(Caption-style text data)

"""

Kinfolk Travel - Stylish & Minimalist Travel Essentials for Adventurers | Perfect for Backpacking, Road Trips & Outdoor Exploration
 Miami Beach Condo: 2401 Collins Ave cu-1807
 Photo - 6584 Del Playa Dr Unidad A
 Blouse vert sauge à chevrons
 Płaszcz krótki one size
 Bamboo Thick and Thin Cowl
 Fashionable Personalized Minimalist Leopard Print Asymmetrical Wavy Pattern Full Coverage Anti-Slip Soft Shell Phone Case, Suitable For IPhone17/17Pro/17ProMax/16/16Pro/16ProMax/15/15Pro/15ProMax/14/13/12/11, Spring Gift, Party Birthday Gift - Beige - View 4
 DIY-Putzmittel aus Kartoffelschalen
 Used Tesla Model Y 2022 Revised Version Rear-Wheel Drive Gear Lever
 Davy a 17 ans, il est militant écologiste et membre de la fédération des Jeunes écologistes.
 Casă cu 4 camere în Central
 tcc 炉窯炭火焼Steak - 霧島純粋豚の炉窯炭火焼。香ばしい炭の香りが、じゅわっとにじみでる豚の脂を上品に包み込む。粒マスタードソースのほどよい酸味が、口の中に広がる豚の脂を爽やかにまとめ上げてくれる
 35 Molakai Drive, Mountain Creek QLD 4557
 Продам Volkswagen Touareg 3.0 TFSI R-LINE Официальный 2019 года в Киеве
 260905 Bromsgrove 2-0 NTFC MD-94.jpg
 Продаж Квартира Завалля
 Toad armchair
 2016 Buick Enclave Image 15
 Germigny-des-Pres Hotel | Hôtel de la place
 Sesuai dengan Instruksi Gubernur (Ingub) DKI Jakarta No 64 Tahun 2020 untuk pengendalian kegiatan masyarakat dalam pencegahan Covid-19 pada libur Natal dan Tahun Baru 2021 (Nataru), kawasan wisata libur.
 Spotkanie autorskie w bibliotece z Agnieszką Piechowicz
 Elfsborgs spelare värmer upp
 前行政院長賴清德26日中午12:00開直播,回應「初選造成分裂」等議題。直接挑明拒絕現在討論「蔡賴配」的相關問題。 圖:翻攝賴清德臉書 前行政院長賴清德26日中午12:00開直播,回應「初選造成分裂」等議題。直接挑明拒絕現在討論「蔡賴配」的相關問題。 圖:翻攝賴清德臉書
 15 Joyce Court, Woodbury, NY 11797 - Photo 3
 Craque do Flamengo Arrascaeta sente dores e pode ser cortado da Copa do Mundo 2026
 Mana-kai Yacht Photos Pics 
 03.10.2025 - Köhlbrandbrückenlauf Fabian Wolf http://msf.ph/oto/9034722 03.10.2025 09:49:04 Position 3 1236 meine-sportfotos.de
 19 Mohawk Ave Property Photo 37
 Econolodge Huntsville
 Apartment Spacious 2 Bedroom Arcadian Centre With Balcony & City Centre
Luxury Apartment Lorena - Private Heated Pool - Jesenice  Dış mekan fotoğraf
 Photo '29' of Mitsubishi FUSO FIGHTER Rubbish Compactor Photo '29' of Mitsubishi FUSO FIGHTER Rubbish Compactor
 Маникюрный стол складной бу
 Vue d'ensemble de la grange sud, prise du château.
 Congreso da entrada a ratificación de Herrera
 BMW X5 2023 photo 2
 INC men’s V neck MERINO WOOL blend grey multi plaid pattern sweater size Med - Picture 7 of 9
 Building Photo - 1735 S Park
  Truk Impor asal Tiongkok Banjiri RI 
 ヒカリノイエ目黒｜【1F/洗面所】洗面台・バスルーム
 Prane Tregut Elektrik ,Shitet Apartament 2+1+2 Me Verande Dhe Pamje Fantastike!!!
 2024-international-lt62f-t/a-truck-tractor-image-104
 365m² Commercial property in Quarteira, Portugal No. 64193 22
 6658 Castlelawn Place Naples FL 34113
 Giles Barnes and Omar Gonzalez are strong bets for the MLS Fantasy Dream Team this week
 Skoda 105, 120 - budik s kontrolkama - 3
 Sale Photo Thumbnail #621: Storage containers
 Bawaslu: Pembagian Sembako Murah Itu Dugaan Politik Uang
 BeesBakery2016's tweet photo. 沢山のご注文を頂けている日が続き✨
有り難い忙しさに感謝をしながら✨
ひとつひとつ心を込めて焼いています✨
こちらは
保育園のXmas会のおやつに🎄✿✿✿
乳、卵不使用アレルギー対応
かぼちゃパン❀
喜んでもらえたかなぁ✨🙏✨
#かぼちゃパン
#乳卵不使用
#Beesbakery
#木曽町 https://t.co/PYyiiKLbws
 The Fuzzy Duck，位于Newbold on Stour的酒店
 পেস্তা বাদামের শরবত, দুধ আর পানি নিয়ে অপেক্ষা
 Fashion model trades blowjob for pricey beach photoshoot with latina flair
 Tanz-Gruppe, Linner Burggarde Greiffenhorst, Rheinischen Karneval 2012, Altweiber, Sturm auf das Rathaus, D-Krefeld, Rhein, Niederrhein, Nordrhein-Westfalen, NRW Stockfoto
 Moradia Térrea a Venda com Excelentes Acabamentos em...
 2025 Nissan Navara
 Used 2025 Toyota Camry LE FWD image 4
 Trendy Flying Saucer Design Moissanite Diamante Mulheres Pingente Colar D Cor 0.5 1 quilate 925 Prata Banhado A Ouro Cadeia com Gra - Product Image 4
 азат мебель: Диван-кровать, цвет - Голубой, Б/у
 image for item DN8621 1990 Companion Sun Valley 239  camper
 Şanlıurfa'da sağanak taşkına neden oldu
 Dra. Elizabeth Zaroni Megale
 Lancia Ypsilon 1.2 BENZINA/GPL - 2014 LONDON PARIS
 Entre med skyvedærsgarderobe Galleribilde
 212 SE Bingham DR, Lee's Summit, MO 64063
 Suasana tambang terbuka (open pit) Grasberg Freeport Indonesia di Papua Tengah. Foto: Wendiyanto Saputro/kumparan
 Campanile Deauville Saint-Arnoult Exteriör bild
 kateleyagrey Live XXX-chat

"""

** PROBLEM REQUIREMENTS **
Reproduce each line above without any alteration.

** TASK ANSWER **
Kinfolk Travel - Stylish & Minimalist Travel Essentials for Adventurers | Perfect for Backpacking, Road Trips & Outdoor Exploration
 Miami Beach Condo: 2401 Collins Ave cu-1807
 Photo - 6584 Del Playa Dr Unidad A
 Blouse vert sauge à chevrons
 Płaszcz krótki one size
 Bamboo Thick and Thin Cowl
 Fashionable Personalized Minimalist Leopard Print Asymmetrical Wavy Pattern Full Coverage Anti-Slip Soft Shell Phone Case, Suitable For IPhone17/17Pro/17ProMax/16/16Pro/16ProMax/15/15Pro/15ProMax/14/13/12/11, Spring Gift, Party Birthday Gift - Beige - View 4
 DIY-Putzmittel aus Kartoffelschalen
 Used Tesla Model Y 2022 Revised Version Rear-Wheel Drive Gear Lever
 Davy a 17 ans, il est militant écologiste et membre de la fédération des Jeunes écologistes.
 Casă cu 4 camere în Central
 tcc 炉窯炭火焼Steak - 霧島純粋豚の炉窯炭火焼。香ばしい炭の香りが、じゅわっとにじみでる豚の脂を上品に包み込む。粒マスタードソースのほどよい酸味が、口の中に広がる豚の脂を爽やかにまとめ上げてくれる
 35 Molakai Drive, Mountain Creek QLD 4557
 Продам Volkswagen Touareg 3.0 TFSI R-LINE Официальный 2019 года в Киеве
 260905 Bromsgrove 2-0 NTFC MD-94.jpg
 Продаж Квартира Завалля
 Toad armchair
 2016 Buick Enclave Image 15
 Germigny-des-Pres Hotel | Hôtel de la place
 Sesuai dengan Instruksi Gubernur (Ingub) DKI Jakarta No 64 Tahun 2020 untuk pengendalian kegiatan masyarakat dalam pencegahan Covid-19 pada libur Natal dan Tahun Baru 2021 (Nataru), kawasan wisata libur.
 Spotkanie autorskie w bibliotece z Agnieszką Piechowicz
 Elfsborgs spelare värmer upp
 前行政院長賴清德26日中午12:00開直播,回應「初選造成分裂」等議題。直接挑明拒絕現在討論「蔡賴配」的相關問題。 圖:翻攝賴清德臉書 前行政院長賴清德26日中午12:00開直播,回應「初選造成分裂」等議題。直接挑明拒絕現在討論「蔡賴配」的相關問題。 圖:翻攝賴清德臉書
 15 Joyce Court, Woodbury, NY 11797 - Photo 3
 Craque do Flamengo Arrascaeta sente dores e pode ser cortado da Copa do Mundo 2026
 Mana-kai Yacht Photos Pics 
 03.10.2025 - Köhlbrandbrückenlauf Fabian Wolf http://msf.ph/oto/9034722 03.10.2025 09:49:04 Position 3 1236 meine-sportfotos.de
 19 Mohawk Ave Property Photo 37
 Econolodge Huntsville
 Apartment Spacious 2 Bedroom Arcadian Centre With Balcony & City Centre
Luxury Apartment Lorena - Private Heated Pool - Jesenice  Dış mekan fotoğraf
 Photo '29' of Mitsubishi FUSO FIGHTER Rubbish Compactor Photo '29' of Mitsubishi FUSO FIGHTER Rubbish Compactor
 Маникюрный стол складной бу
 Vue d'ensemble de la grange sud, prise du château.
 Congreso da entrada a ratificación de Herrera
 BMW X5 2023 photo 2
 INC men’s V neck MERINO WOOL blend grey multi plaid pattern sweater size Med - Picture 7 of 9
 Building Photo - 1735 S Park
  Truk Impor asal Tiongkok Banjiri RI 
 ヒカリノイエ目黒｜【1F/洗面所】洗面台・バスルーム
 Prane Tregut Elektrik ,Shitet Apartament 2+1+2 Me Verande Dhe Pamje Fantastike!!!
 2024-international-lt62f-t/a-truck-tractor-image-104
 365m² Commercial property in Quarteira, Portugal No. 64193 22
 6658 Castlelawn Place Naples FL 34113
 Giles Barnes and Omar Gonzalez are strong bets for the MLS Fantasy Dream Team this week
 Skoda 105, 120 - budik s kontrolkama - 3
 Sale Photo Thumbnail #621: Storage containers
 Bawaslu: Pembagian Sembako Murah Itu Dugaan Politik Uang
 BeesBakery2016's tweet photo. 沢山のご注文を頂けている日が続き✨
有り難い忙しさに感謝をしながら✨
ひとつひとつ心を込めて焼いています✨
こちらは
保育園のXmas会のおやつに🎄✿✿✿
乳、卵不使用アレルギー対応
かぼちゃパン❀
喜んでもらえたかなぁ✨🙏✨
#かぼちゃパン
#乳卵不使用
#Beesbakery
#木曽町 https://t.co/PYyiiKLbws
 The Fuzzy Duck，位于Newbold on Stour的酒店
 পেস্তা বাদামের শরবত, দুধ আর পানি নিয়ে অপেক্ষা
 Fashion model trades blowjob for pricey beach photoshoot with latina flair
 Tanz-Gruppe, Linner Burggarde Greiffenhorst, Rheinischen Karneval 2012, Altweiber, Sturm auf das Rathaus, D-Krefeld, Rhein, Niederrhein, Nordrhein-Westfalen, NRW Stockfoto
 Moradia Térrea a Venda com Excelentes Acabamentos em...
 2025 Nissan Navara
 Used 2025 Toyota Camry LE FWD image 4
 Trendy Flying Saucer Design Moissanite Diamante Mulheres Pingente Colar D Cor 0.5 1 quilate 925 Prata Banhado A Ouro Cadeia com Gra - Product Image 4
 азат мебель: Диван-кровать, цвет - Голубой, Б/у
 image for item DN8621 1990 Companion Sun Valley 239  camper
 Şanlıurfa'da sağanak taşkına neden oldu
 Dra. Elizabeth Zaroni Megale
 Lancia Ypsilon 1.2 BENZINA/GPL - 2014 LONDON PARIS
 Entre med skyvedærsgarderobe Galleribilde
 212 SE Bingham DR, Lee's Summit, MO 64063
 Suasana tambang terbuka (open pit) Grasberg Freeport Indonesia di Papua Tengah. Foto: Wendiyanto Saputro/kumparan
 Campanile Deauville Saint-Arnoult Exteriör bild
 kateleyagrey Live XXX-chat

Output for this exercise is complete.